The U.S. Environmental Protection Agency (USEPA) is proposing to include additional emissions sources in its first-ever national mandatory greenhouse gas (GHG) reporting system. On March 22, 2010, USEPA signed a proposed rule for the mandatory reporting of vented and fugitive methane (CH4) and carbon dioxide (CO2) emissions from petroleum and natural gas industry facilities emitting 25,000 metric tons or more of carbon dioxide equivalent per year. USEPA estimates the total cost of reporting to the private sector would be about $60 million for the first year and $25 million in subsequent years. This translates to an estimated average cost of $18,000 per facility for the first year and $8,000 in subsequent years.
Last year, USEPA finalized the first-ever GHG mandatory reporting requirement (MRR) in October of 2009. That rule required 31 industry sectors, covering 85 percent of total U.S. GHG emissions, to track and report their emissions.
In addition to those 31 industries, USEPA is now proposing to collect emissions data from the oil and natural gas sector, industries that emit fluorinated gases, and from facilities that inject and store CO2 underground for the purposes of geologic sequestration or enhanced oil and gas recovery. In a move broader than expected, covered facilities include onshore petroleum and natural gas producers, offshore petroleum and natural gas producers, onshore natural gas processing, natural gas transmission, underground natural storage, liquefied natural gas (LNG) storage, LNG import and export facilities, and natural gas distribution facilities.

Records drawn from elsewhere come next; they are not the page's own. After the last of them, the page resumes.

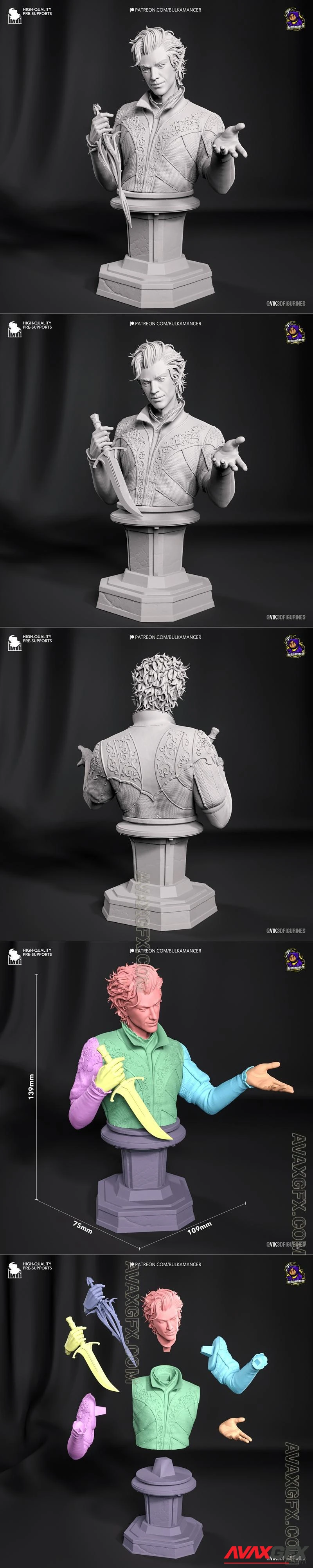 Bulkamancer Sculpts - Astarion - Baldurs Gate 3 Bust Version - STL 3D Model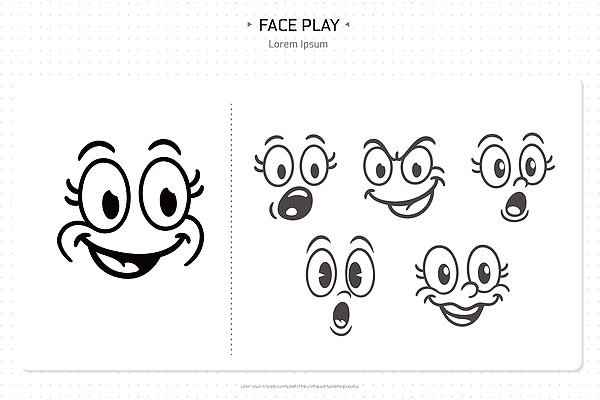 캐릭터 디자인 교육 감정 얼굴 어린이 일러스트 도안 표정 웃음 놀람 기쁨 표현 즐거움 그림 흥미 국내일러스트 AI파일 컨셉 사람 신체부위 파일형식 벡터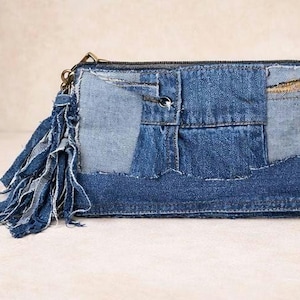 Upcycled Denim Wristlet Clutch | Handmade Patchwork Jean Pouch | Frayed Tassel Mini Bag | Sustainable Small Purse | One of One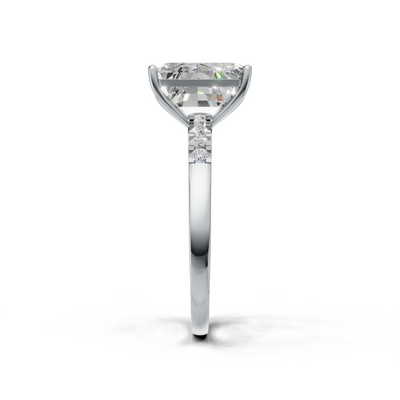 Emerald Lab Grown Diamond Side Stone Ring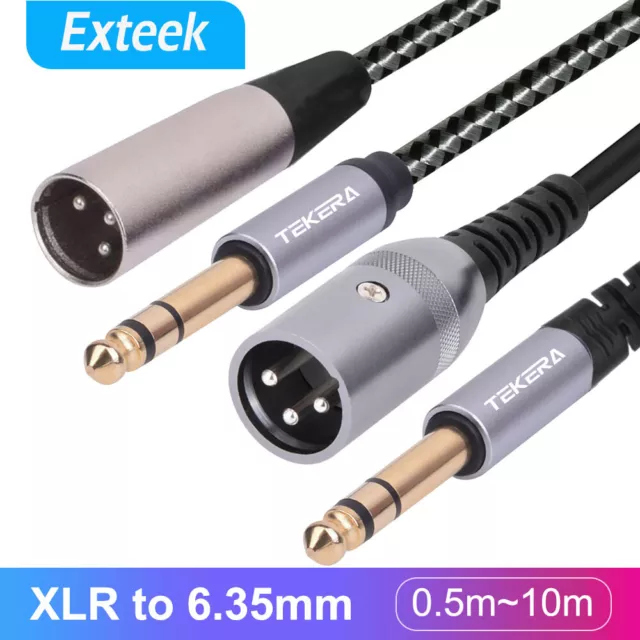 Balanced Male XLR to TRS 1/4" 6.35mm Microphone Stereo Jack Cable Lead AU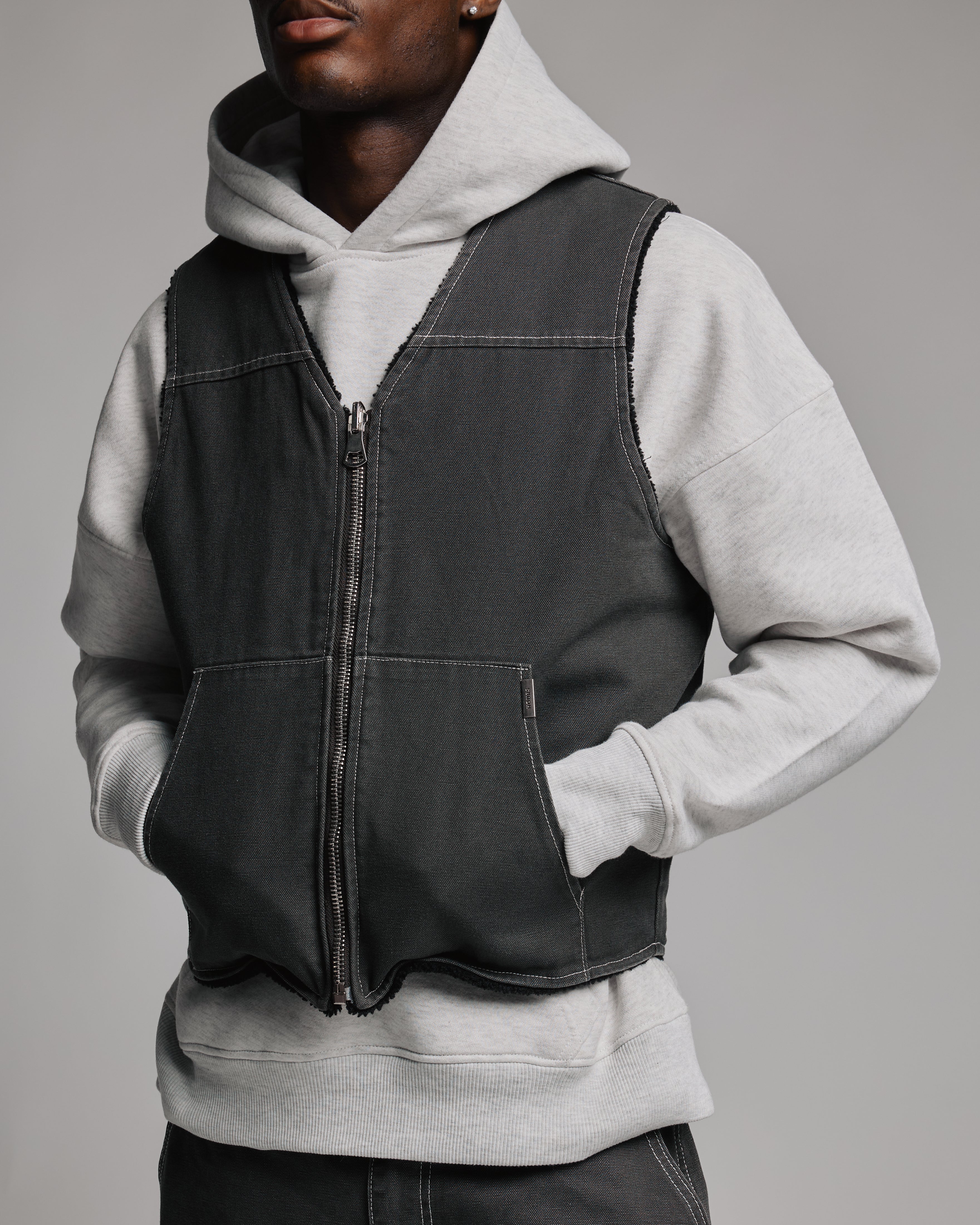 Reversible Workwear Vest - Washed Grey - Image 7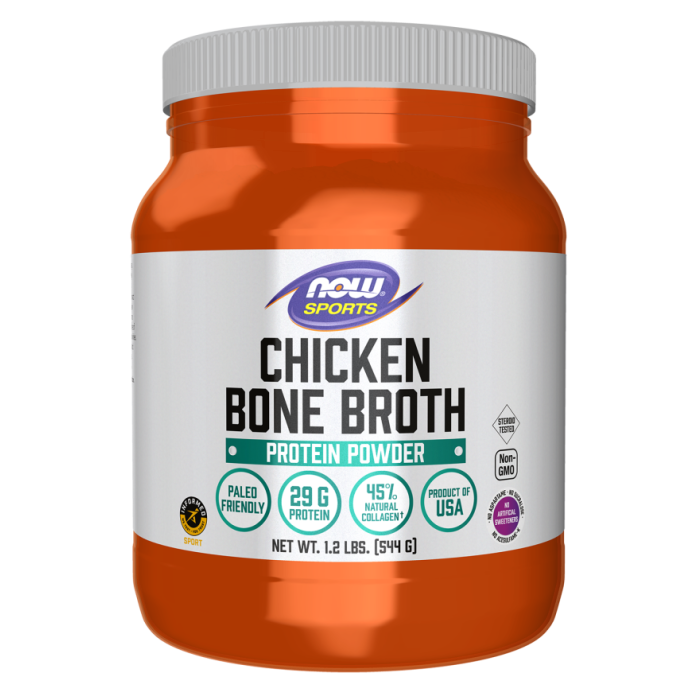 NOW Foods Bone Broth, Chicken Powder - 1.2 lbs.
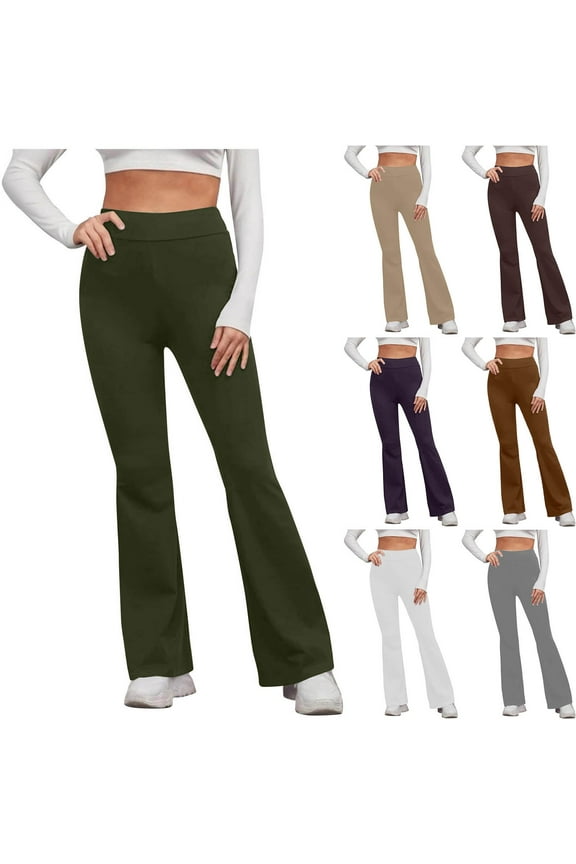 Flare Leggings for Women, Crossover Yoga Pants Bootcut Flared Leggings Stretchy High Waisted Tummy Control Long Pants Solid Color Workout Tights Gray XL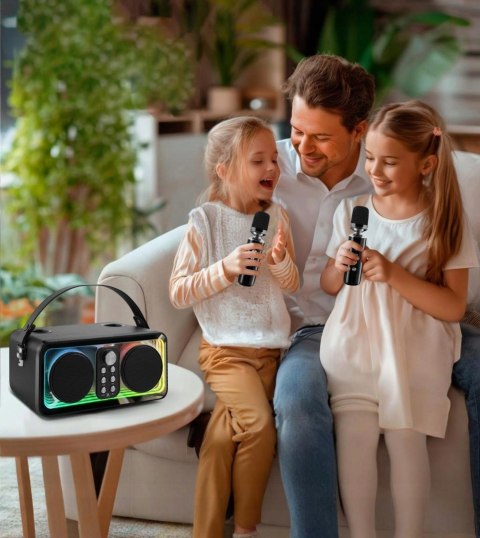 Zestaw Karaoke Braders Bluetooth głośnik + 2 mikrofony LED impreza party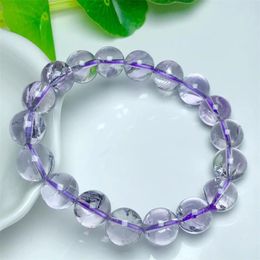 Link Bracelets Natural Lavender Amethyst Quartz Bracelet Women Elegant Round Charm Yoga Strand Bangles Female Jewellery Gift 1PCS 8/10/12MM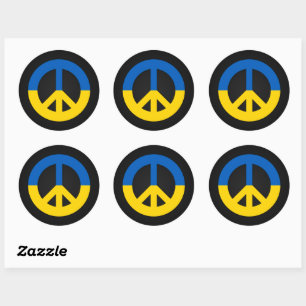 Sticker Rond Panneau de paix ukrainien sur un arrière - plan no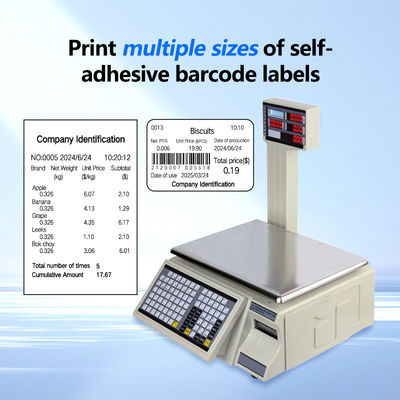 3 kg Impresión de etiquetas plegables Balanza de pesaje Código de barras Máquina de computación digital Balanza de peso
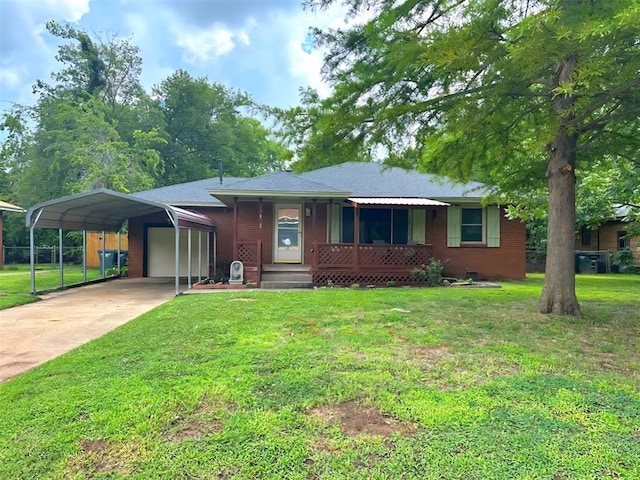 112 Burk Way, Del City, OK 73115 - single story home with a front yard, an attached garage, brick siding, and driveway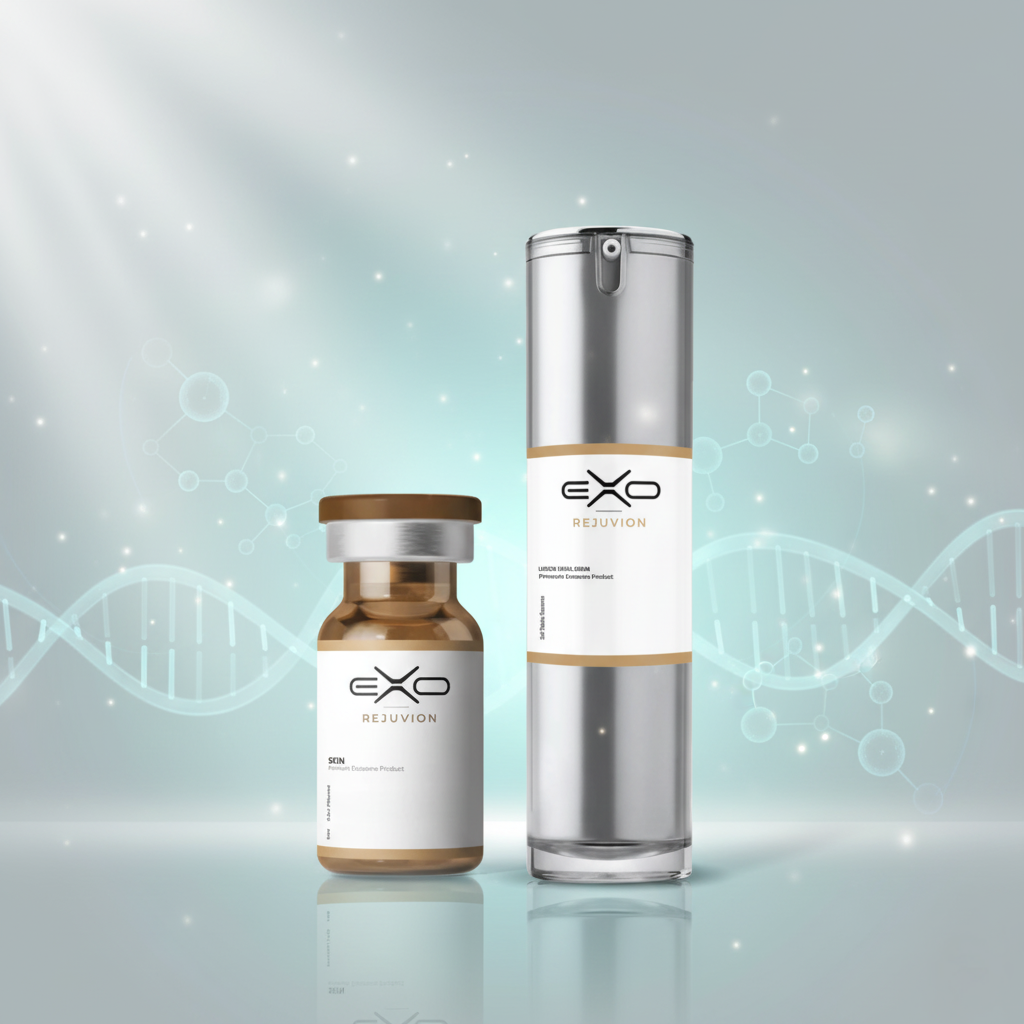 Lumexo Facial Serum bottle and Rejuvion Skin Exosome bottle. Both products are of Rejuvion Health.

Methane is the primary GHG emitted from oil and natural gas systems and is more than 20 times as potent as CO2 at warming the atmosphere. USEPA’s proposed rule sets the reporting threshold for methane at 1250 tons per year.
USEPA expects to publish the final rule later in 2010 so that data collection for this source category can begin on January 1, 2011 with the first annual reports submitted to EPA on March 31, 2012. USEPA estimates that the proposal would cover 85 percent of the total GHG emissions from the U.S. petroleum and natural gas industry with approximately 3,000 facilities reporting. Due to the unique characteristics of these industry segments, the proposed definition of “facility” for onshore and offshore petroleum and natural gas production, and natural gas distribution differ from the definition of facility applied in the remainder of the MRR.
The proposals will be open for public comment for 60 days after publication in the Federal Register. The agency will also hold public hearings on these proposals on April 19, 2010 in Arlington, Va. and April 20, 2010 in Washington, D.C.